Formula of t-test in regression is, $ t=\frac{\hat{\beta}-\beta}{se (\hat{\beta})} $ and the degrees of freedom of t-test is (n-k) because we estimate $\hat{\sigma}^2$ from RSS and the RSS has (n-k) degrees of freedom (the model has k number of parameters including intercept term.).But what i am not understand, is that we also estimate$\hat{\beta}$ from $$\hat{\beta}=\frac{\sum (x_i-\bar{x})(y_i-\bar{y})}{\sum (x_i-\bar{x})^2} $$ Here we lost 1 degrees of freedom for estimating $\bar{y}$. That tells us that we lost k degrees of freedom for calculating residuals and 1 for estimating $\hat{\beta}$. So the degrees of freedom should be n-k-1 instead of (n-k).What i am missing here?

Answer 1

Note that for multiple regression model, where $k\ge 3$, the general formula for the coefficients is $$ \hat{\beta} = (X'X)^{-1}X'y, $$ such that only for the $y=\beta_0 +\beta_1x+\epsilon$ case you get for $\hat{\beta}_1=\frac{\sum(x_i - \bar{x})(y_i - \bar{y})}{\sum(x_i - \bar{x})^2}$, otherwise $\beta_1$, and each one of the other coefficients will differ according to $k$. As such, intuitively, the model loses $1$ df for every estimated coefficient.
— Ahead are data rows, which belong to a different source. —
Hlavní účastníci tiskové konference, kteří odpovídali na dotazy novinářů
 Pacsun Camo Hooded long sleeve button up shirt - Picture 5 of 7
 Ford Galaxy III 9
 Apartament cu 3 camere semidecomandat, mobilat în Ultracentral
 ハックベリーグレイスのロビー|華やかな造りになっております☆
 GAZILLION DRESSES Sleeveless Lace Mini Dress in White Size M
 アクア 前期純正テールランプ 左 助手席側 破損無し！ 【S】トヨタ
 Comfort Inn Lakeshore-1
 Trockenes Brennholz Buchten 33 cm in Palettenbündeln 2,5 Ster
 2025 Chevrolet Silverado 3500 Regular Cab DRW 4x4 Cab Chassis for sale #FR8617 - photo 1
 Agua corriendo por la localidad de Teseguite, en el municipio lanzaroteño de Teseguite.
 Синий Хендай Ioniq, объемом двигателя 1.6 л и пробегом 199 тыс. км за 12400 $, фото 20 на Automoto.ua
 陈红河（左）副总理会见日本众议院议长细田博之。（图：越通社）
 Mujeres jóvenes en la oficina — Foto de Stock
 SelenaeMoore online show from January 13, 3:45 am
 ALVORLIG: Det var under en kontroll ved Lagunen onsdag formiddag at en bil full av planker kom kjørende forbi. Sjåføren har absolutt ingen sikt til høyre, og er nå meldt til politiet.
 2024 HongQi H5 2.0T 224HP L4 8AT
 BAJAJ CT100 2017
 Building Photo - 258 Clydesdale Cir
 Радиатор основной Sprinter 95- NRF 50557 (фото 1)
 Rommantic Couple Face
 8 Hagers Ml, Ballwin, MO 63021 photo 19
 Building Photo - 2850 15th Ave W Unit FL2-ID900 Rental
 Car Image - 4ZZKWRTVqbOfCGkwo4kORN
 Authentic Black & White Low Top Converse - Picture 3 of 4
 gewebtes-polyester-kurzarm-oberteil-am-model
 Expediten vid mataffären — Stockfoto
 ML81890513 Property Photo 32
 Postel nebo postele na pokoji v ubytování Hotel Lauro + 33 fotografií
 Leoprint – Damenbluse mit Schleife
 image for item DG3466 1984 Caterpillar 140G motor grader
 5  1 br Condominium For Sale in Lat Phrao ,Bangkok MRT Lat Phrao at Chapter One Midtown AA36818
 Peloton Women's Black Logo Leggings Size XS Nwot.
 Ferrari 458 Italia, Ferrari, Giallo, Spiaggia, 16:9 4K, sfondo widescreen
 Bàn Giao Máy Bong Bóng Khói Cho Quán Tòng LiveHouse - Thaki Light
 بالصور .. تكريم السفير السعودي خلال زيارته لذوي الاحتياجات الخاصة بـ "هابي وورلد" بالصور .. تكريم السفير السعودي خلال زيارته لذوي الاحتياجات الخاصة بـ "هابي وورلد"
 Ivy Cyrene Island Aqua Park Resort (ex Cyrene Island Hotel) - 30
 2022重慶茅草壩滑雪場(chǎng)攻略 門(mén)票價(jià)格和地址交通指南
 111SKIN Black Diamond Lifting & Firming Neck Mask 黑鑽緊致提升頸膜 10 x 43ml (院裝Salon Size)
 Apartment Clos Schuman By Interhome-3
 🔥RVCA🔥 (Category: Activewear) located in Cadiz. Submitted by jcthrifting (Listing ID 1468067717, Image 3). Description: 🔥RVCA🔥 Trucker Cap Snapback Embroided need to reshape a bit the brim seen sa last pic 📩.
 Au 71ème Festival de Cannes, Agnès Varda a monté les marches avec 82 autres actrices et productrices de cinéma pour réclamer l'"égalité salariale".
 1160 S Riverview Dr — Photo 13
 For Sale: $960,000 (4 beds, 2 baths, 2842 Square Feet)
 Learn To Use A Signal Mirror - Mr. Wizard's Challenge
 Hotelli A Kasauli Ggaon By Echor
So, in particular, for the $\hat{\sigma}^2 = \frac{1}{n-k}\sum(y_i - \hat{y}_i)^2 $ estimator, you are using $\hat{\mathrm{\beta}} = (\hat{\beta}_1, ..., \hat{\beta}_k )$, where $\mathrm{dim(\hat{\beta})}=k\times 1$, hence the total number of df for the $t$-test is $n-k$.